You guys are making issues out of nothing.


----------



## Aya the Abysswalker (Mar 23, 2012)

Like I said in the other thread, no, it's a preference. It's not hurting anyone.


----------



## Blessed Frozen Cells (Apr 3, 2013)

Lucifel said:


> Like I said in the other thread, no, it's a preference. It's not hurting anyone.


It didn't used to, I guess. But with the internet and online dating and all, we have profiles saying No Blacks, No Asians, etc. As I mentioned somewhere in this thread, it sounds like hanging a sign in front of a shop saying "No X people". That's just rude. Why put up stuff like this when you can reject or ignore someone as an individual. Nobody likes to be told "I don't like you because you are X race."


----------



## Aya the Abysswalker (Mar 23, 2012)

Blessed Frozen Cells said:


> It didn't used to, I guess. But with the internet and online dating and all, we have profiles saying No Blacks, No Asians, etc. As I mentioned somewhere in this thread, it sounds like hanging a sign in front of a shop saying "No X people". That's just rude. Why put up stuff like this when you can reject or ignore someone as an individual. Nobody likes to be told "I don't like you because you are X race."

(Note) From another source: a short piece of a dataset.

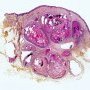 Pilomatrixoma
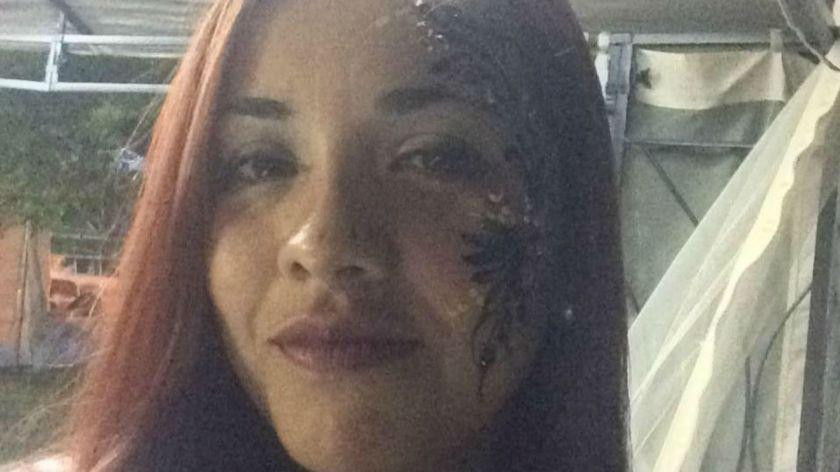 Johana Villafañe, argentina atacada por sus pitbull en Estados Unidos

I would say that's because they don't want to get answers from people belonging to that race. If their reasons are racists are not is another question. As far as I can say like that it's only preference.


----------



## Blessed Frozen Cells (Apr 3, 2013)

Lucifel said:


> I would say that's because they don't want to get answers from people belonging to that race. If their reasons are racists are not is another question.


But putting up a dating profile is the first place was to attract people. You want people to like you and message you. Putting up No X race is surely going to turn people from any other race off from contacting you. I've heard people say "If I see No X race on a profile and even if I'm not from that race, I'm not going to message this person." 

My opinion is you can always not reply people if you don't want to for any reason.


----------



## koalaroo (Nov 25, 2011)

Well, on my dating profile I once said, "I've never been sexually attracted to a black guy. You'd probably be wasting your time messaging me." Got a whole lot of flack about it from irate black men (and a lot of black men who messaged me saying it was because I hadn't met them); I still got a lot of messages from dudes of other races. What I'm generally attracted to is Mediterranean men, and I don't really deviate from that.


----------



## Aya the Abysswalker (Mar 23, 2012)

Blessed Frozen Cells said:


> But putting up a dating profile is the first place was to attract people. You want people to like you and message you. Putting up No X race is surely going to turn people from any other race off from contacting you. I've heard people say "If I see No X race on a profile and even if I'm not from that race, I'm not going to message this person."
> 
> My opinion is you can always not reply people if you don't want to for any reason.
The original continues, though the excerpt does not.